By Osamu Tezuka. Released in Japan by Shogakukan, serialized in the magazine Big Comic. Released in North America by Digital Manga Publishing.
This is one of those mature Tezuka titles that a lot of fans had been waiting to hear about. So much so that when DMP decided to start a Kickstarter project to get enough money to license it, it was an obvious choice. And I must admit, it does seem like the sort of manga you’d like to verify you have enough money to cover costs before you publish. Unpleasant, flighty, and just plain annoying at times, Barbara is fittingly very much like its main character, a muse who is various things to various people, and ends up being an alcoholic hipster when she’s inspiring our “hero”, the writer Yosuke Mikura.

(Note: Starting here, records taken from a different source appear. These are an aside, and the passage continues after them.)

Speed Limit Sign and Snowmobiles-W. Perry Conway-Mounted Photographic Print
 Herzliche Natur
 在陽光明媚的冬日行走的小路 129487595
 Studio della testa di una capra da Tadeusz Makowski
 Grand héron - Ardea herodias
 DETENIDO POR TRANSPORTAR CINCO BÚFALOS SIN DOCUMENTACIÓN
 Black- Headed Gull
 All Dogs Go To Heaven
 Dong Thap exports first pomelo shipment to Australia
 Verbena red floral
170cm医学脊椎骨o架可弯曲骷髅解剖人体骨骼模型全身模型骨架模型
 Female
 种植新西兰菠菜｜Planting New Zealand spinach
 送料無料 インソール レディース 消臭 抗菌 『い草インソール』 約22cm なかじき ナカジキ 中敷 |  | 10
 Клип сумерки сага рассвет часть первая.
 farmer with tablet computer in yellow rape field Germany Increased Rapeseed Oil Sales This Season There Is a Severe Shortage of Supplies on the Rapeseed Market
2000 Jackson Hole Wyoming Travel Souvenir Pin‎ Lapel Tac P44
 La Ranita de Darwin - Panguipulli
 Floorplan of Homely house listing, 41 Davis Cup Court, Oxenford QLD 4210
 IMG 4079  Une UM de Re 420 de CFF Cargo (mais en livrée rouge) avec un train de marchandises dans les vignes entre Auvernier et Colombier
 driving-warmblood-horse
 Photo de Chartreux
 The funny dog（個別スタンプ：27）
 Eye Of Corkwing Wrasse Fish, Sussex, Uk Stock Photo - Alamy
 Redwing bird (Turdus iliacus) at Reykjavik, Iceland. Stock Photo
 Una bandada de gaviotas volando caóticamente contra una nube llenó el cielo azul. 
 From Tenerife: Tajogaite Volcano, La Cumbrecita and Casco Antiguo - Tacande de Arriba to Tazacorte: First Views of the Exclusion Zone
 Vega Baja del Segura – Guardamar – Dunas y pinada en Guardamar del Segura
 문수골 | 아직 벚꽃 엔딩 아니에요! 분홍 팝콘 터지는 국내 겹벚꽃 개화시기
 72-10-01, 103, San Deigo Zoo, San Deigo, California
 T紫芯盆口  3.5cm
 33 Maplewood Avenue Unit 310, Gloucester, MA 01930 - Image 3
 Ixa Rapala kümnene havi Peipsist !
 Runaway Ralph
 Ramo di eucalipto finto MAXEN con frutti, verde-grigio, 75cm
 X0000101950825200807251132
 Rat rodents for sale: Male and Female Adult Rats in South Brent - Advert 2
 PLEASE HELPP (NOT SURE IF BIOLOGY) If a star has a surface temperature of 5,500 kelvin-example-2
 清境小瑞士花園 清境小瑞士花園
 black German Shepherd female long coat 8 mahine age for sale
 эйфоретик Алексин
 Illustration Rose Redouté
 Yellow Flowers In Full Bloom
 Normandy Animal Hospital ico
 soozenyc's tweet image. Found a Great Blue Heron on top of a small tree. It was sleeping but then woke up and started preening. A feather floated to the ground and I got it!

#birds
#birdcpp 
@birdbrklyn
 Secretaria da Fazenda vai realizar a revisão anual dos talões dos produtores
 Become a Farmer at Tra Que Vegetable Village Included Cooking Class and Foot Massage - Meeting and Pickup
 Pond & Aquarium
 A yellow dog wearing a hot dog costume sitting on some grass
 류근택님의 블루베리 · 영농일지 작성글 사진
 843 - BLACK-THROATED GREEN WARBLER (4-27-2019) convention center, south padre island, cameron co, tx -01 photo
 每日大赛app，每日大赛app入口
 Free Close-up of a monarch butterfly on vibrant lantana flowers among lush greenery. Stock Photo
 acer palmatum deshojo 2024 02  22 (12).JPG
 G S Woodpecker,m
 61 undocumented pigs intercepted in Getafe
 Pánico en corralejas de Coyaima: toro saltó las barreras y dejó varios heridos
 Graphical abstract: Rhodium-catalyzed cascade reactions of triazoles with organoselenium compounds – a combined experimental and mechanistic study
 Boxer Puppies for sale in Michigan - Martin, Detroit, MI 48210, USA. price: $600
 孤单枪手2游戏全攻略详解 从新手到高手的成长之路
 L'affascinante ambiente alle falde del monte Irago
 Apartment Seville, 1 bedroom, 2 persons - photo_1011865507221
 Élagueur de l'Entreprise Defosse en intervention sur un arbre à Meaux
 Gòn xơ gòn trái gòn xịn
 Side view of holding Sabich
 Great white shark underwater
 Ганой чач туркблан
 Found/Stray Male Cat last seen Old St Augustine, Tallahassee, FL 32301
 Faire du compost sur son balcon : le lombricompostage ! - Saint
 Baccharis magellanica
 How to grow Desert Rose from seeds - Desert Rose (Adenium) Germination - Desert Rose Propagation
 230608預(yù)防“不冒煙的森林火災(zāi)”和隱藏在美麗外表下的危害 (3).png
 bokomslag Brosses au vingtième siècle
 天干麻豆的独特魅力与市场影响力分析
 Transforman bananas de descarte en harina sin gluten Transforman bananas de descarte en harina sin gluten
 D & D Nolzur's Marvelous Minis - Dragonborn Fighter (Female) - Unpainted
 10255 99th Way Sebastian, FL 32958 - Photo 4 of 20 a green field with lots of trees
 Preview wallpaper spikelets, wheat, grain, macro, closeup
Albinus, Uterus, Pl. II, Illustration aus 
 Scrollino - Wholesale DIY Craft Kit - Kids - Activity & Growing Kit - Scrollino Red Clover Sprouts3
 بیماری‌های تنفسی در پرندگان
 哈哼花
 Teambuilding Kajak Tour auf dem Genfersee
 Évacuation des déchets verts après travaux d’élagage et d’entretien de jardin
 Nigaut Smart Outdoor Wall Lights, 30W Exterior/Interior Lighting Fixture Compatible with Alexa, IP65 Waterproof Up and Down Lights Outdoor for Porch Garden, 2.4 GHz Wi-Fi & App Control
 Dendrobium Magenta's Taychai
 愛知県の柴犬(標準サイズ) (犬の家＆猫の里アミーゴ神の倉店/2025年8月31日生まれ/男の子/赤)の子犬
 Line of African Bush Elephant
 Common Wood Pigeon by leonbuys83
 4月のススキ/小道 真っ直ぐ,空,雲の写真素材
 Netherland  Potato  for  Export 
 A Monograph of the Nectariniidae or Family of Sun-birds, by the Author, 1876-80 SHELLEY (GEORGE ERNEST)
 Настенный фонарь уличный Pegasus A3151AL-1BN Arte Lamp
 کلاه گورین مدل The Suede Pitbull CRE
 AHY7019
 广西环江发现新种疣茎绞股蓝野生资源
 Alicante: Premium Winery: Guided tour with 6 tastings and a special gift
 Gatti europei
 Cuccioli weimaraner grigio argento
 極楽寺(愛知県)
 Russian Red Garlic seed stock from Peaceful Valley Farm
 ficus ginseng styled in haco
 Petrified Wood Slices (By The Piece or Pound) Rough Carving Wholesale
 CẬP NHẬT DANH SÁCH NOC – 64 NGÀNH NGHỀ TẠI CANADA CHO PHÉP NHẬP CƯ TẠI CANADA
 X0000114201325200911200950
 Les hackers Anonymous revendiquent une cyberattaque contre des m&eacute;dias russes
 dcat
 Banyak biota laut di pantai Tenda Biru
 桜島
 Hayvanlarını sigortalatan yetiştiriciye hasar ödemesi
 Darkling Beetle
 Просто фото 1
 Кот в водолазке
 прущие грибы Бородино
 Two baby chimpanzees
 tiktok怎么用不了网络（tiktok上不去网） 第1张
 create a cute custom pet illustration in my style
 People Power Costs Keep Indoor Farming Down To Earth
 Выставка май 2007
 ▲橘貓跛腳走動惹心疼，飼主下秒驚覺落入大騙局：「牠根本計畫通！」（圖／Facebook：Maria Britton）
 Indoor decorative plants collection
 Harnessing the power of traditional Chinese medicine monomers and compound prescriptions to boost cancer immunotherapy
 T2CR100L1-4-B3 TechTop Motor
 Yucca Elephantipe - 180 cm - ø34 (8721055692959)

You’ll note I put the word hero in quotes. Even using the term protagonist seems wrong for Mikura, who does not really inspire much sympathy throughout this book. Right off the bat we get two chapters which show him not only abusing Barbara (he beats the crap out of her the entire book) but also has serious psychological problems, leading to hallucinations. It requires a certain amount of sang-froid to trust that Tezuka will lead you through this and tell a satisfactory story, especially as the first half of Barbara seems to be composed of mostly disconnected life scenes with Mikura and his drunken companion.
Things pick up considerably when we are introduced to Russalka, an African writer and political activist who comes to Japan for a conference. It turns out he has a past with Barbara, and was not particularly happy to see her go. This is when Mikura gets the full explanation of what Barbara is, which he stubbornly doesn’t really understand at all – at least not consciously. But they don’t really have a relationship, just occasional inspiration – as muses are to writers most of the time. When he decides to marry Barbara at one point, most readers will be groaning and going “You idiot!”. If they weren’t already.
Mikura continues to spiral downward, committing murder multiple times (even if it’s sometimes only implied) and his marriage to another woman who is genuinely real seems to only make things worse for both of then. The last third of Barbara reads like an elegiac car crash, as you watch a man who was already deeply disturbed when the book began go off the deep end. In fact, that may be a fault with the book – Mikura was *so* creepy and deluded right from the start, there’s very little surprise or sympathy in seeing him get run off the rails like that. It’s less of a tragedy and more of a “well, that’s just life.” Which, given this is the early 1970s, may have been what Tezuka was going for anyway.
The artwork is excellent, with many striking scenes. He’s especially good at depicting Mikura’s hallucinations. At one point Mikura meets a woman who looks like Barbara but insists she’s a real woman named Dolmen, and Tezuka actually manages to have her look slightly different. Sometimes the art is a bit sexualized (there is much focus on Barbara’s rear end), but that’s what you’d expect from a book about a seductive muse. And the scenes in the end in the sewers and field are fantastic action sequences.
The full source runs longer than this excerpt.